The GKC framework is a descriptive analytical tool that can help elucidate how knowledge is produced, shared, and managed. It can also identify and describe the collective action problems and key action arenas that emerge in various settings (Frischmann et al. Reference Dedeurwaerdere, Frischmann, Hess, Lametti, Madison, Schweik and Strandburg2014). The Knowledge Commons framework begins with a description of the study system including the resource characteristics, the attributes of the community, and what Ostrom called “rules-in-use.” Rules-in-use are the working rules used by the community of resource users which may be different from those that are formally codified (Ostrom Reference Ostrom2005). The action arena is the focal unit of analysis in the GKC framework as it is in Ostrom’s IAD framework. The action arena comprises a specific action situation – for example, a decision to be made – and a particular set of actors. Ostrom (Reference Ostrom2005, 14) described the action arena as “the social space where participants with diverse perspectives interact, exchange goods and services, solve problems, dominate one another, for fight (among the many things that individuals can do in action arenas).” The resource characteristics, community attributes, and rules-in-use affect the action arena’s structure and produce patterns of interactions. The GKC framework includes a feedback loop in which outcomes from the action arena can directly affect the resource characteristics. The patterns of interactions can affect both the study system and the action arena. Analysts may use evaluative criteria to assess the performance of the study system (Figure 4.1).

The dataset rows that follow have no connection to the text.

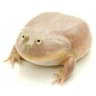 It is wednesday my dudes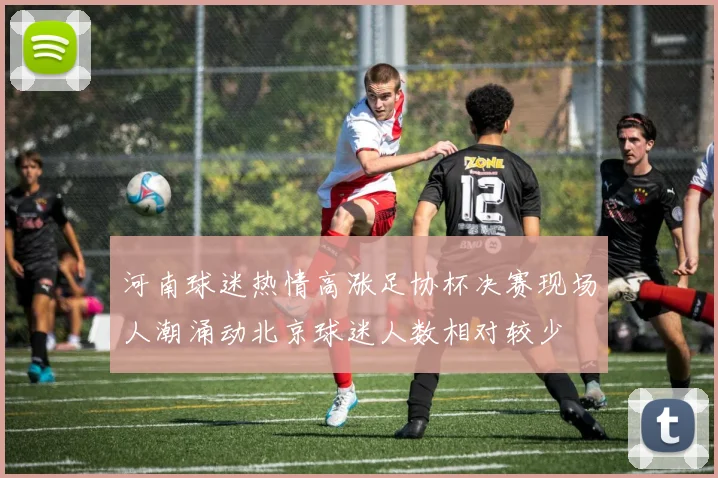 河南球迷热情高涨足协杯决赛现场人潮涌动北京球迷人数相对较少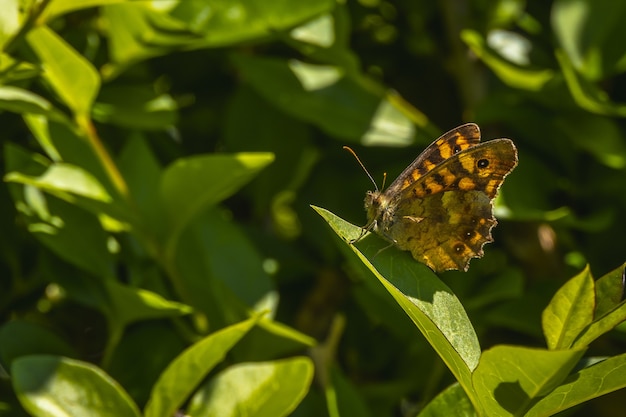 Flache Fokusaufnahme eines schönen Schmetterlings, der auf einer Pflanze sitzt
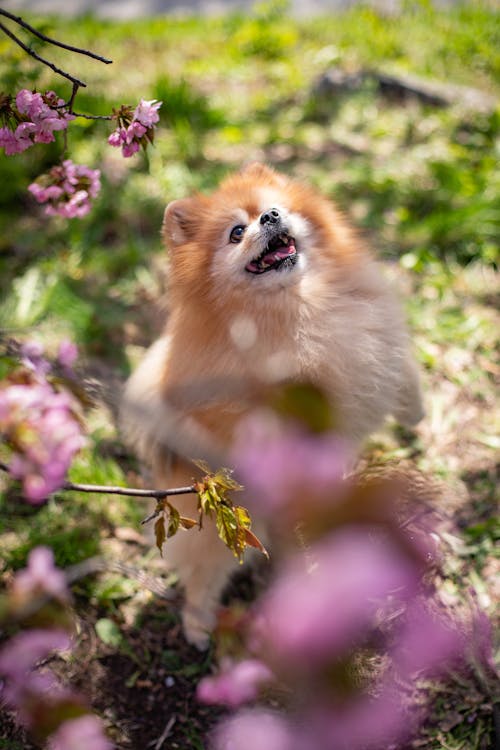 Cute Pomeranian dog with brown fur standing on grassy lawn near tree branches with blooming flowers on sunny summer day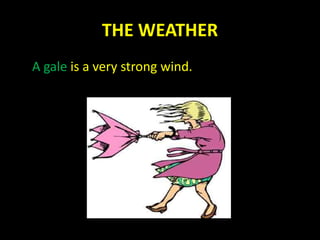 THE WEATHER
A gale is a very strong wind.
 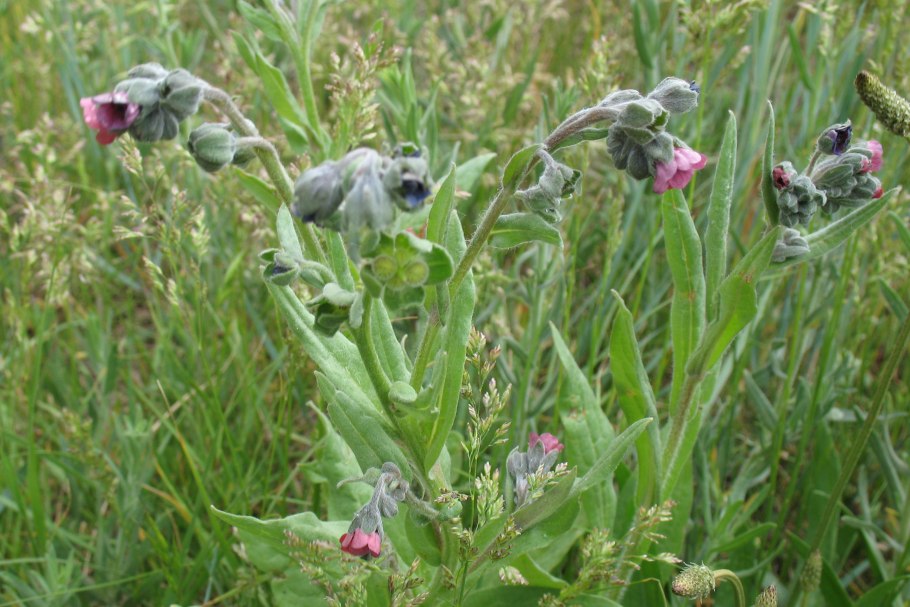 Циноглоссум чернокорень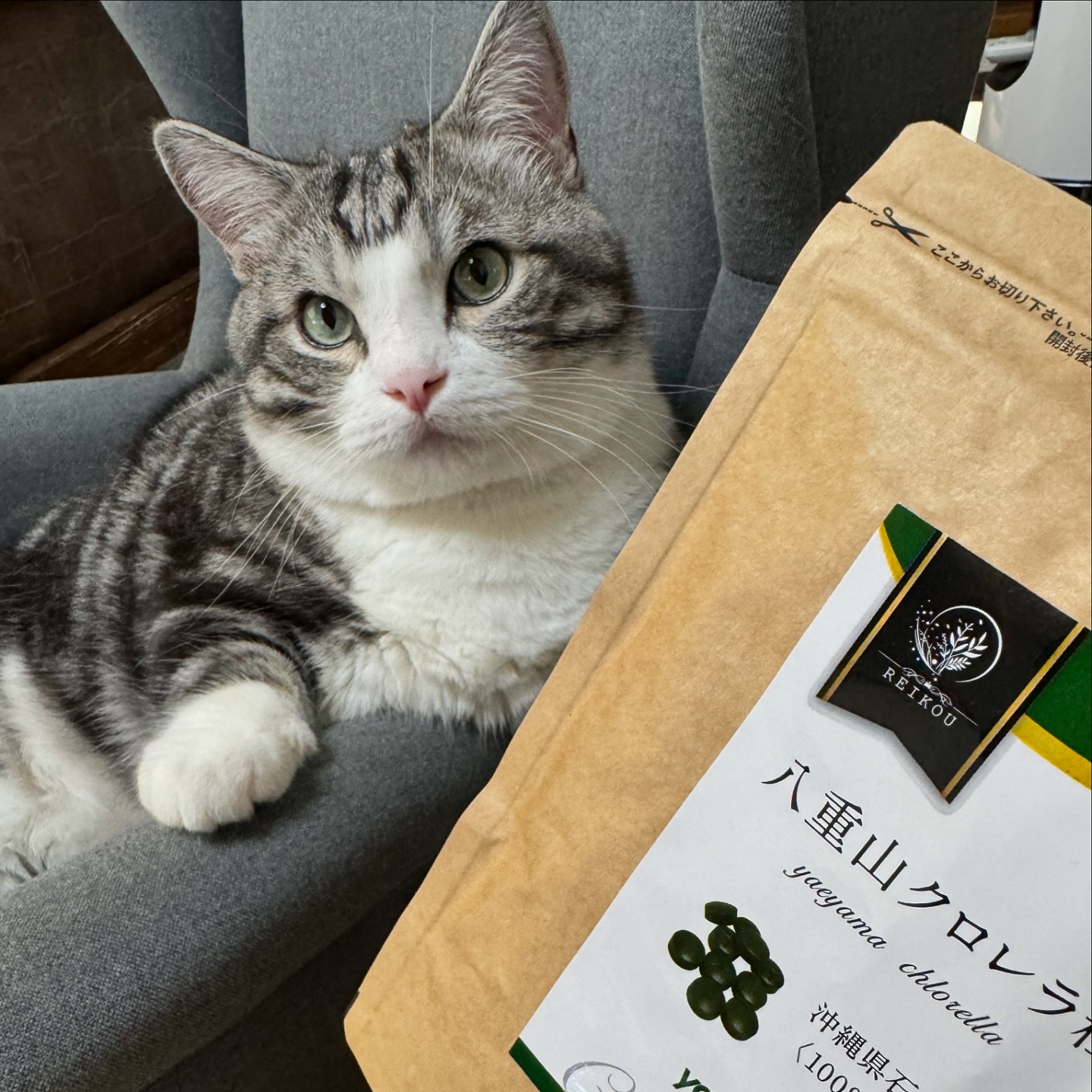 #提供　REIKOU
八重山クロレラ

沖縄県石垣島産の貴重な八重山クロレラをそのまま粒にした八重山クロレラのプレゼント企画に応募してたんですけど当選し届きました🎉
こちら以前摂取したことがあり腸内環境がすごく整い体調がよくなり何度か購入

The generic Governing Knowledge Commons framework.

Figure 4.1 Long description
Diagram presents a left-to-right framework made up of labeled boxes connected by arrows. On the left are three boxes: Resource Characteristics, Attributes of the Community, and Rules-in-use. Double-headed arrows connect these three boxes to each other, and single arrows lead from each of them to a larger box in the center labeled Action Arena. The Action Arena contains two smaller internal labels: Action Situations and Actors. To the right of the Action Arena is a box labeled Patterns of Interactions, which is connected further right to another box labeled Evaluative Criteria. Dashed arrows show feedback from Patterns of Interactions back to the three structural variable boxes on the left and also back to the Action Arena, specifically to Actors. A dashed arrow also connects Resource Characteristics directly back to the Action Arena. The layout shows structural conditions influencing an action setting that leads to observable interactions, which then feed back to modify earlier components of the system.
Ostrom (Reference Ostrom2005) further decomposed the action arena into component parts. Specific people (actors) may be assigned to positions or roles. The positions determine which actions may be taken. The actors may have limited information about the state of the system. Likewise, the actors in their positions may have limited control over the system. For example, the position may require an actor to do something, may prohibit it, or may allow it. The information and control combine with the net costs and benefits to define a range of potential outcomes. It is these outcomes that generate the patterns of interactions seen in the primary level of the GKC framework (Figure 4.2). The patterns of interactions include the spatial distribution of GSI practices, amelioration of stormwater discharges, and economic development.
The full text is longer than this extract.